# EXERCISE
Take the records below from their first line to the line with "Elioure Turkuaz Buldan", and restate those lines word for word.

START RECORDS TO USE

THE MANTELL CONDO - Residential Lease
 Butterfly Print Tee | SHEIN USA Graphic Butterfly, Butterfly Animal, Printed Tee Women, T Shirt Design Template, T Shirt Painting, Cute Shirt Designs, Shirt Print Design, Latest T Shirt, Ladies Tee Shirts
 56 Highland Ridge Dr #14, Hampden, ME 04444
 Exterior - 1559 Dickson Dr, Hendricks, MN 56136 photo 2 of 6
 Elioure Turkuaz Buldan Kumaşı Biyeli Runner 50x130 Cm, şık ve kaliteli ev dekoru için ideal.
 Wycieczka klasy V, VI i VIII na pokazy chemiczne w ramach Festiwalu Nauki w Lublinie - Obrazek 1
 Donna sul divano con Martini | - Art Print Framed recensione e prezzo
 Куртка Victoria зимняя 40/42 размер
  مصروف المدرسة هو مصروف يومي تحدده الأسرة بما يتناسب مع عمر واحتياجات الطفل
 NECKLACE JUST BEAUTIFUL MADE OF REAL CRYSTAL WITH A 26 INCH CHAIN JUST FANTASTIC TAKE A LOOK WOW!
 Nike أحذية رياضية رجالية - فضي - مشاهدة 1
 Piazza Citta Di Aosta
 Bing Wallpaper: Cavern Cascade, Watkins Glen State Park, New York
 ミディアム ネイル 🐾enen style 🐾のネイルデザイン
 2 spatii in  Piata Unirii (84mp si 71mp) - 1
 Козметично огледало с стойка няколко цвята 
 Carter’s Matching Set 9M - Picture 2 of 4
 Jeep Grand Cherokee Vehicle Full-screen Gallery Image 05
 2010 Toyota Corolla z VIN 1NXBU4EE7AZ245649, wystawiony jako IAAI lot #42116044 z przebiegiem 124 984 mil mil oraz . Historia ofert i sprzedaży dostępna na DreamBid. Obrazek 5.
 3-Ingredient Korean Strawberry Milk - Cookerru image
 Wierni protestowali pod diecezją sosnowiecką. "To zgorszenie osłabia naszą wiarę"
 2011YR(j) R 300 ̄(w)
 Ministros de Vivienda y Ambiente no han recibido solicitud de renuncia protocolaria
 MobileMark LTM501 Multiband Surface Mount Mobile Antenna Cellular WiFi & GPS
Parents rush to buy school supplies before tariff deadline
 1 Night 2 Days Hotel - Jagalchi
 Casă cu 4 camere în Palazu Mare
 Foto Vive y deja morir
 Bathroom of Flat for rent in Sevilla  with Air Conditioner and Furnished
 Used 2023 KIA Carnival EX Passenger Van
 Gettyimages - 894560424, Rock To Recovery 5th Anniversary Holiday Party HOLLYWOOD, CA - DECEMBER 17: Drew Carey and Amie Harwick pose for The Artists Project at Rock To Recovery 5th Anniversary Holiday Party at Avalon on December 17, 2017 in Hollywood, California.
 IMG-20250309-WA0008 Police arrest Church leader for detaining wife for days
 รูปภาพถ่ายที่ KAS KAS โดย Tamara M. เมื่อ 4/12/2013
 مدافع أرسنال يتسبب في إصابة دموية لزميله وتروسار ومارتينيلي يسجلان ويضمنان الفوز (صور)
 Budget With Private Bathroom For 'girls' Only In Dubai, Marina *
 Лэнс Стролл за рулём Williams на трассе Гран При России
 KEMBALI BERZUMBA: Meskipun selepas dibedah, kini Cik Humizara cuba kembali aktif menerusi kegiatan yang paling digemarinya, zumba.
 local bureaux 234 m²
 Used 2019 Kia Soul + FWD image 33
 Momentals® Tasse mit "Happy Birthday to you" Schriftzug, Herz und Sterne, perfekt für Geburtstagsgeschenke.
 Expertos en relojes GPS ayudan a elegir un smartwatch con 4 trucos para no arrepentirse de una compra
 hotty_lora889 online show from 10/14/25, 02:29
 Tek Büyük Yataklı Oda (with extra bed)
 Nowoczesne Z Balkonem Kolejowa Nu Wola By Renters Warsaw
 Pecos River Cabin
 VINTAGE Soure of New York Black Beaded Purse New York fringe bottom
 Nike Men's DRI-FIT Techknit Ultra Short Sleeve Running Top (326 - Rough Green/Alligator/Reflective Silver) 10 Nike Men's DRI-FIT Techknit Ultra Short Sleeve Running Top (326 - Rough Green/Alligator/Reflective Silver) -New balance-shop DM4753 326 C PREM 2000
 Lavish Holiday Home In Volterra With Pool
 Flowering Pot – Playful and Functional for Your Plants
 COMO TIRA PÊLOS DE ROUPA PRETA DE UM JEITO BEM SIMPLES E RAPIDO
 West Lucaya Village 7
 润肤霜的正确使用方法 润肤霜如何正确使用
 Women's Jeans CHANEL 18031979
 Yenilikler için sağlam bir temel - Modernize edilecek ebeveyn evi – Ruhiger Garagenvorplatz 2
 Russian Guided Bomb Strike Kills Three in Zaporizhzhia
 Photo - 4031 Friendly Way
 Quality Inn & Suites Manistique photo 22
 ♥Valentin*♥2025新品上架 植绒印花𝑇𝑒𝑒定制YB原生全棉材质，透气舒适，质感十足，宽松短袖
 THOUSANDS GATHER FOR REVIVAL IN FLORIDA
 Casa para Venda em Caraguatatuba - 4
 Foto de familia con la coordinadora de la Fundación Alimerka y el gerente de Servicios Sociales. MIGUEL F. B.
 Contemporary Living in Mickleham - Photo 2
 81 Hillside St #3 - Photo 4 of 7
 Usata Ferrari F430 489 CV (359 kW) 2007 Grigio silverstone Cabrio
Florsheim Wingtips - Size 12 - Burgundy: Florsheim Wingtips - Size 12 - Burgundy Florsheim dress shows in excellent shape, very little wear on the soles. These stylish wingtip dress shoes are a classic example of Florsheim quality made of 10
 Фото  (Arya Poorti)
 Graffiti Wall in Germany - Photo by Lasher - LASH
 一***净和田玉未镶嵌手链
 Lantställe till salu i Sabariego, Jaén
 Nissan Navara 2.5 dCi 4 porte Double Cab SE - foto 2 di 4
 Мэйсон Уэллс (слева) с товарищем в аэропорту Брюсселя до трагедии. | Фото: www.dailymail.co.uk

END RECORDS TO USE

# TASK OUTPUT
THE MANTELL CONDO - Residential Lease
 Butterfly Print Tee | SHEIN USA Graphic Butterfly, Butterfly Animal, Printed Tee Women, T Shirt Design Template, T Shirt Painting, Cute Shirt Designs, Shirt Print Design, Latest T Shirt, Ladies Tee Shirts
 56 Highland Ridge Dr #14, Hampden, ME 04444
 Exterior - 1559 Dickson Dr, Hendricks, MN 56136 photo 2 of 6
 Elioure Turkuaz Buldan Kumaşı Biyeli Runner 50x130 Cm, şık ve kaliteli ev dekoru için ideal.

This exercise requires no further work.